In 2006, Professor Howard Lytle Givens (who I believe is now deceased) published a collection of various letters and diaries of Confederate soldiers titled Tennesseans in the Civil War: Confederate Narratives from Battlefield and Home. While waiting for a copy of this book that my cousin Coby Lacy had sent me, I fantasized about discovering letters we'd never seen before. Or perhaps letters from other soldiers in Lieutenant Lacy's regiment that might shed light on the mystery of his disappearance.

But with the book finally in hand, my fantasies of learning something new about Lieutenant Lacy were dashed.

  1. Lieutenant Lacy's photo on the cover of the book is not a new one. It's actually a photo I had included when I had a website for Lacy many years ago.
  2. Chapter Eight includes Lacy's letters, with no annotation or discussion. Professor Givens reprinted the transcriptions of these letters, donated by my father to the Tennessee State Library & Archives, that are found on microfilm at TSLA. None of the other chapters include anything relevant to Lacy, his commanders, or his regiment.
  3. A short introductory paragraph for Chapter Eight mistakenly claims that Lieutenant Lacy served in Baxter Smith's Eighth Cavalry, instead of Dibrell's Eighth Cavalry. This mistake (one I've seen before) could have been avoided had the author done a little research.
  4. There is little to no evidence of any research on the part of the author except for some information gathered on the internet.
The Shawneetown letter - did Lieutenant Lacy survive the war as a Union officer?
(extracted from Battlefront and Homefront, copyright 2020 by Mark E. Lacy)

Lieutenant Lacy's only child, William Woolsey Lacy, was one of the first who tried to solve the mystery of his father's disappearance.

In the years since the end of the Civil War, W. W. Lacy, grew up, married, and had children of his own. But he must have entertained doubts that his father was a casualty of the war, and so he began asking questions.

We don't know how the two men got in touch with one another, but in the spring of 1893, thirty years after his father's disappearance during the war, W. W. Lacy received a letter from D. H. Jones of Medley, Missouri. This was not the first correspondence between the men.
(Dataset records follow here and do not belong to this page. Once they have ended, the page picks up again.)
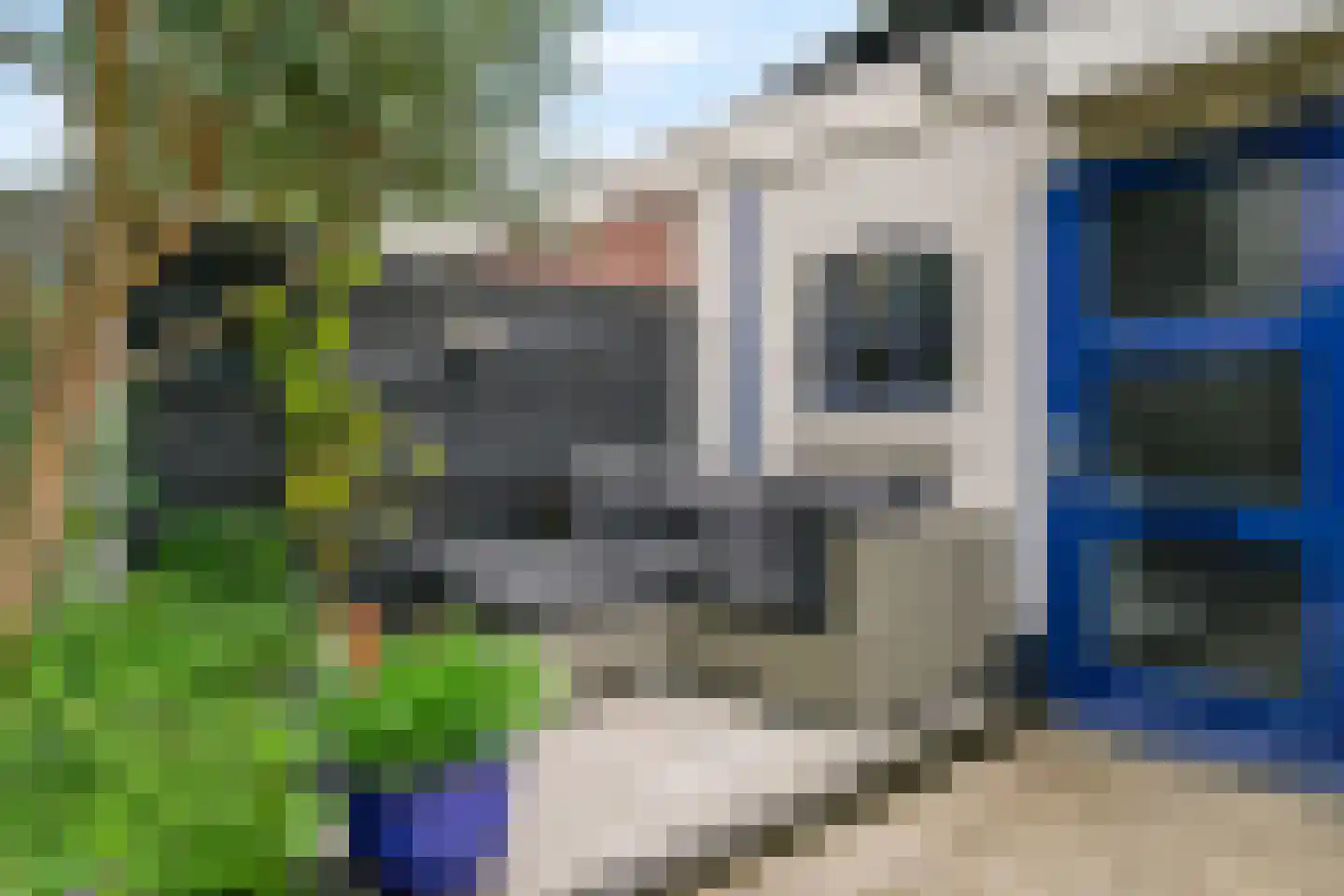 Fluitekruidweide 37 Woerden thumbnail 25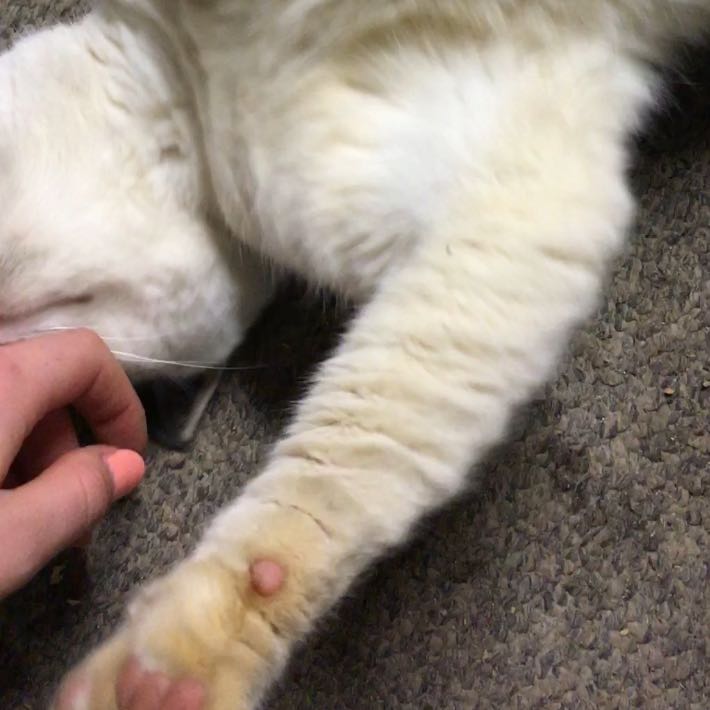 wofur ist knodel am bein vorne bei katze tiere aussehen haustiere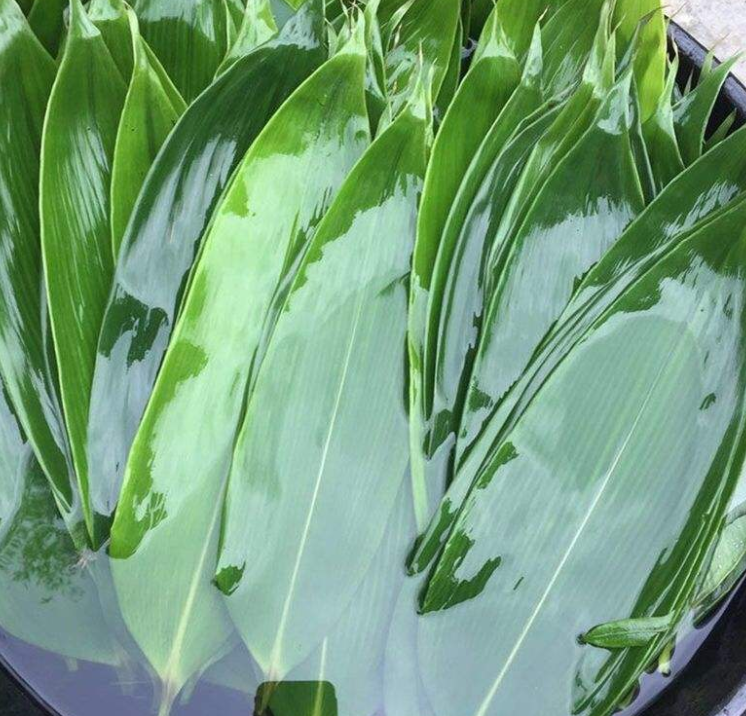 粽子叶直接煮可以吗 粽子叶煮多长时间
Jones had learned somehow of W. W. Lacy's search for his father, and passed along some information.

"... I think I made a mistake in the address of Mr. A. J. Lacy it is at Shoney Town Ills. I know thare is a man up thare by the name of A. J. Lacy for I am well acqanted with him. He marred a girl that was raised in the same neighborhood of my self. Her name is Miss Eison but she is dead now and he is a widower iff he has not marred sece last spring. He is a man of a bout 50 years of age 5-8 in hi lite complexion blue eyes and and was an officer in the Union Army and is from Tenn but I dont know what part."

No one knows that W. W. Lacy might have done with this information. But using modern tools and data unavailable to W. W. Lacy, it is clear that there are no records of a Union officer named A. J. Lacy in this timeframe (1890s) living in Illinois. Jones seemed to have confused A. J. Lacy with Royal R. Lacey, a former Union officer in the same area in southeast Illinois who had married a woman with the maiden name of Eison.

Final remarks

The mystery is still that: a mystery. A cold case to beat all cold cases. But I hold on to a hope that someday the right information will turn up to shed light on this mystery, if not to actually solve it.